Editor's Picks

Chorus Girls, Strawberry Rangoon, Watermelon Chamoy and 284 more of KC’s greatest things

Photography by Caleb Condit and Rebecca Norden

Best Chorus Girls

Kansas City Canaries

Amanda Bernice was already an avid member of the KC swing dance community when she attended the Ultimate Lindy Hop Showdown in New Orleans in 2013. Swing was not the thing she left thinking about—it was a competition featuring vintage chorus girl troupes. “I didn’t think that was a thing that still existed outside of the Rockettes,” Bernice says. 

Two years later, Bernice decided to start a modern chorus girl troupe of her own, the Kansas City Canaries (kccanaries.com). “I thought: ‘I don’t have to be a Rockette. We can have a team here,’” Bernice says. 

What began as fun and casual performances with just three dancers for the local swing dance community gradually grew. In 2017, they began a monthly engagement at The Phoenix alongside A La Mode, which continued until the pandemic hit in March 2020.
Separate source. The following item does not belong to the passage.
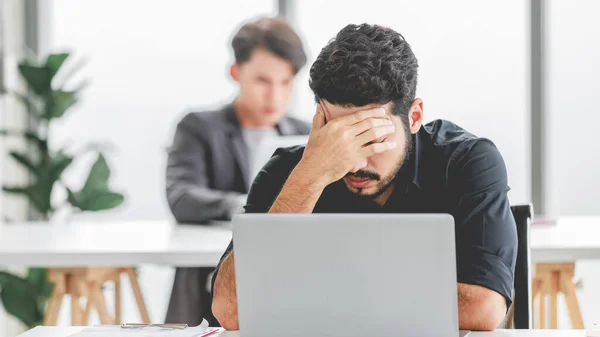 Indian stressed depressed exhausted bearded male businessman sitting at workstation with laptop computer close eyes hold hand on head feeling tired and sleepy after working late overtime last night.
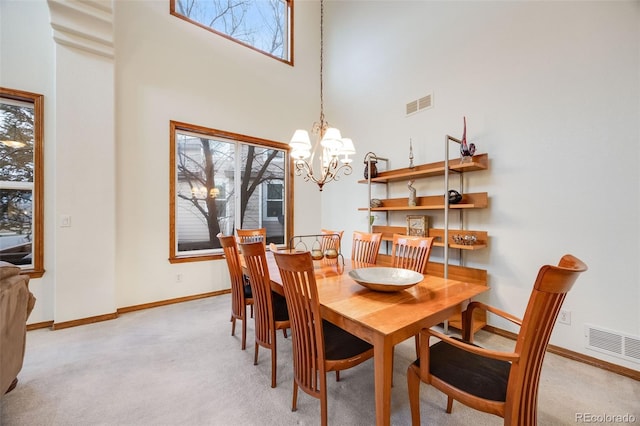 dining room featuring light carpet, visible vents, and a healthy amount of sunlight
In the past year, the Canaries have reemerged and are more active than ever, performing with Lost Wax at the Midland and the Kansas City Jazz Orchestra at the Kauffman Center and for the member opening of the Nelson-Atkins’ “American Art Deco” exhibit. Now, the Canaries are forming a band to back them up, led by saxophonist Brett Jackson. “This year has been a big year for us,” Bernice says…

Photography by Caleb Condit and Rebecca Norden

Best Strawberry Cheesecake Rangoons

Tao Tao

If you haven’t been to Tao Tao (taotaokck.com), go now and thank us later. Chef Annie Der has been operating the Chinese joint for more than five decades, and it’s remained a staple of the KCK community. Tao Tao serves dishes like authentic Springfield cashew chicken, shrimp fried rice and crab rangoon. In fact, Tao Tao boasts eight different flavors of crab rangoon, including a strawberry cheesecake rangoon….

Best Twitter Feed

Kansas City Tweets from 1922

What would Twitter have been like a hundred years ago? Besides, that is, lots of competing outrage over the scandals of Warren G. Harding? You don’t have to wonder with Kansas City Tweets from 1922 (@KansasCity100), a novelty account posting news, jokes and advertisements from a century ago.

Creator Jim Wright got started while listening to radio shows and looking at old newspapers as part of research for a mystery story. He kept drifting back until he got to the 1920s, realized he was seeing news from exactly a hundred years in the past and decided it would be fun to post “real-time” updates from the last century.

On any given day, you might see a glimpse of Babe Ruth’s career, instructions on how to use one of those fancy new rotary dial telephones or updates on the construction of the beach at Swope Park. The ads are always entertaining. Cigarettes for fifteen cents a pack seems like a sweet deal. The jokes are fun, too, especially when the punch lines are utterly lost on modern readers—gags about lazy horses and the like. 

Not everything is so lighthearted, of course. Suffice to say, The Star’s coverage of the Tulsa Race Riots was less than egalitarian. Generally, though, Wright has been pleasantly surprised by what he found. 

“Before I started doing this project, I kind of assumed that people were less intelligent back then. But now, when I go through this old paper, I’m like, ‘These people had magnificent solutions for the problems that they were facing.’”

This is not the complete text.